The 13" AAX X-Celerator hats include a heavy bottom and medium top. Their small diameter keeps the pitch on the high side, but they remain buttery and funky, with the clean, bright, classic sound that distinguishes the AAX line. These cymbals boast full dynamic representation.

The same 13" diameter in HHX X-Celerator, on the other hand, has a dark, dry sound that is helpfully articulated by the rippled bottom cymbal. The thin top cymbal, with its un-lathed bell, contrasts with the quite heavy bottom cymbal to make a very clean foot-chick that complements the old-school, darker and drier tone.

And don’t think we didn’t try swapping around a bit; putting the 13" HHX top on the 13" AAX bottom for instance. All the meat, with a little less sweet. Super!

14" Fedoras

The 14" HHX X-Celerator hats are low and dark, like a wise old mule coming down the road. The foot-chick had a surprisingly mellow attack with a hint of a low pitch-bend overtone (audible up close but you’d never hear it in a band setting). These would be formidable cymbals bashed in a setting of dark music or stroked within the setting of an old-school big band.

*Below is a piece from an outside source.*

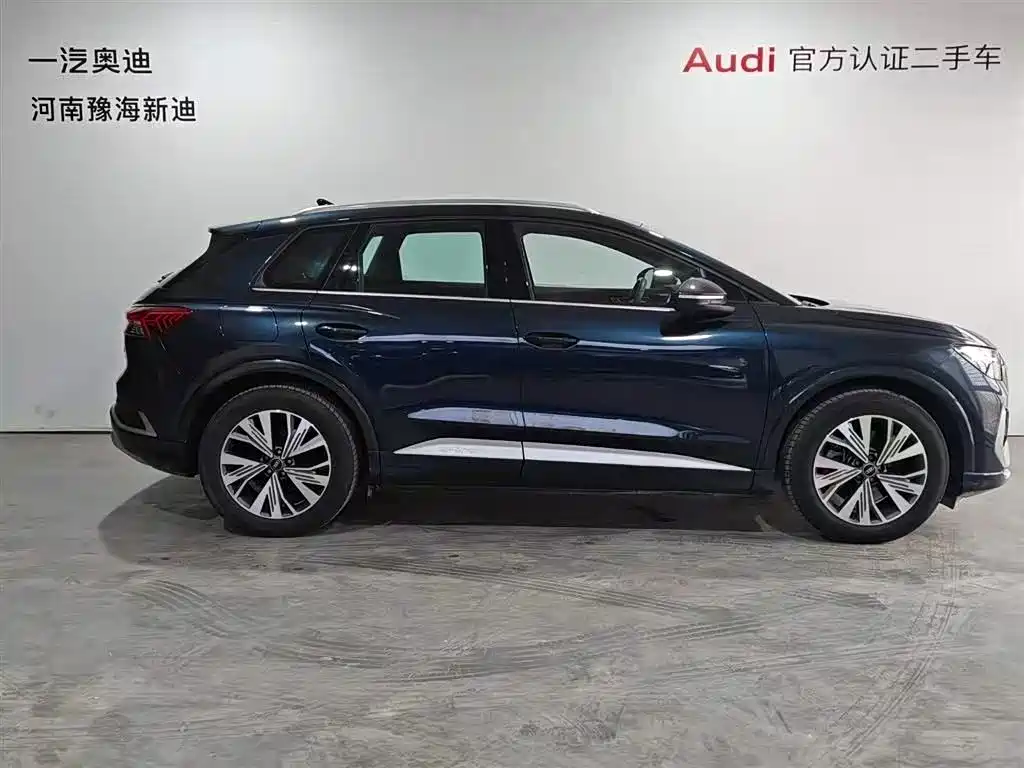 AUDI Q4 E TRON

The 14" AAX X-Celerator hats we played were by far the prettiest in the bunch but also the loudest and least articulate. Foot-chick was clean and strong, but playing the medium-heavy top and heavy bottom cymbals produced scant clarity of stroke, creating instead a very wide attack sound with an abundance of mush. They were a bit uncontrollable. Maybe that would work well in a really loud setting. We found this particular pair disappointing because Sabian’s brilliant finish looks hot and we think we would love it on a better-matched pair of cymbals.

15" Sombreros

Speaking of love, the 15" AAX X-Celerator cymbals we played were as sweet as those AAX 14"s were clunky. These are big cymbals, and they’re low-pitched, glassy, and smooth. We had a little trouble getting these big suckas to sit flat on the hi-hat stand’s felt (with ripple bottom hats, flat is best, not tilted), so there was some chunkiness in the foot-chick until they settled in. On the bandstand, they idled as powerfully as any Cadillac, and when spanked they spoke right up.

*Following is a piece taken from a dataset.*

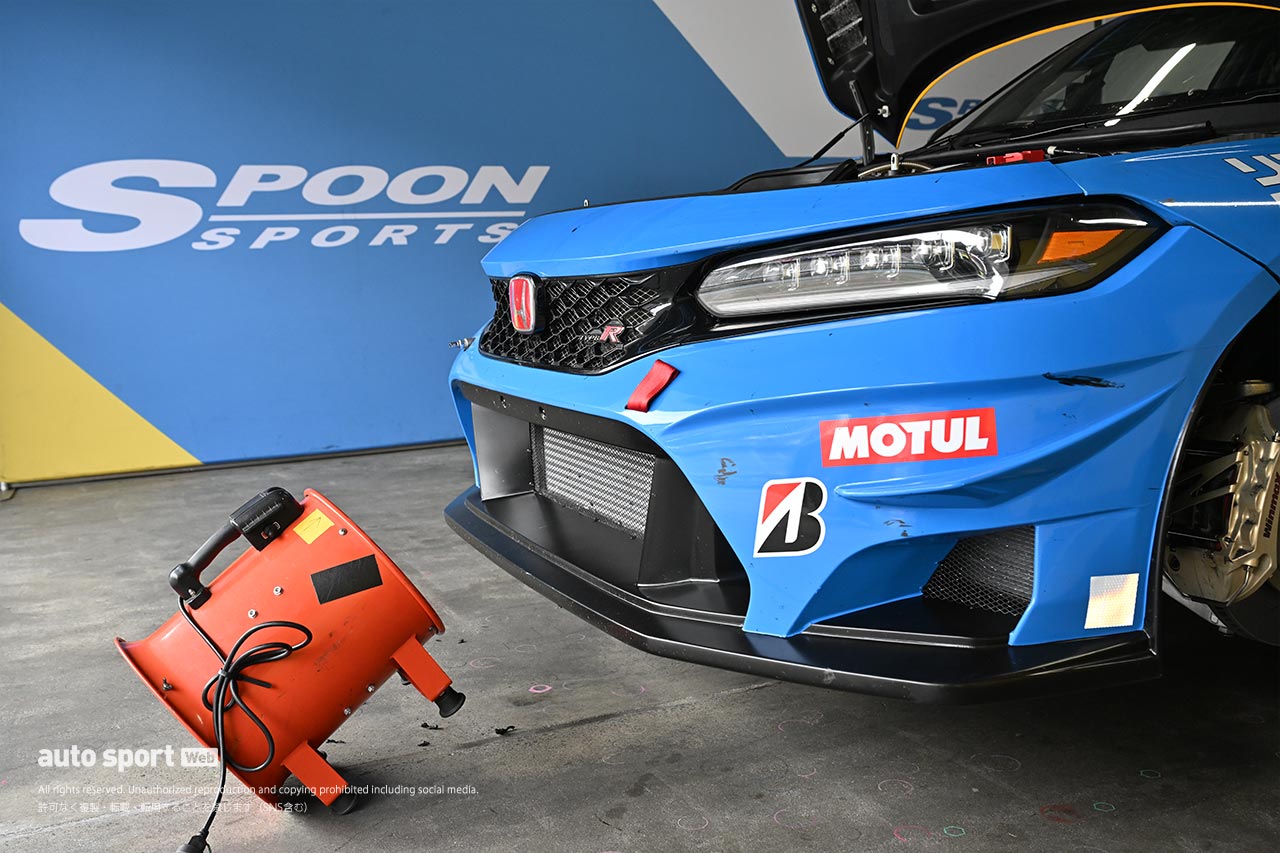 Honda R&D Challenge FL5、新フロントバンパーを富士24時間に投入。同様の狙いでSPOON SPORTSも新バンパーを採用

In the HHX line, the 15" size didn’t fare as well. The basic tone of these hats is dry and dark, and that part was fine. But there were some odd overtones to the foot-chick (when we pumped our foot real fast we got sort of a didgeridoo effect). Playing “pea soup” or a Basie hat pattern produced low, unwanted wah-wah notes every time the hats came open. Regular half-open sizzle was great, though, and we’re not ready to give up on this model or size — just this particular pair.


We are delighted to see Sabian offering hats with rippled bottoms. We are reminded, though, that hi-hat selection takes a bit of hands-on work, and that not every pair is a winner. This batch came out in a ratio of 1:3 dogs and darlings, but hey, your experience may differ. And we remind you to be adventurous when shopping, and to try mixing AAX tops with HHX bottoms and vice versa, ad infinitum. The O-Zone crashes surprised us with the variety of sounds within the line. The 20" is not just the 16" pumped up, nor is the 18" just the same thing but “in the middle.” We enjoyed them all, not as “regular” crashes but as viable add-on extras or specialty items. We do think the O-Zone splashes should be considered alongside “regular” splashes and will do fine as an expanded choice of voice.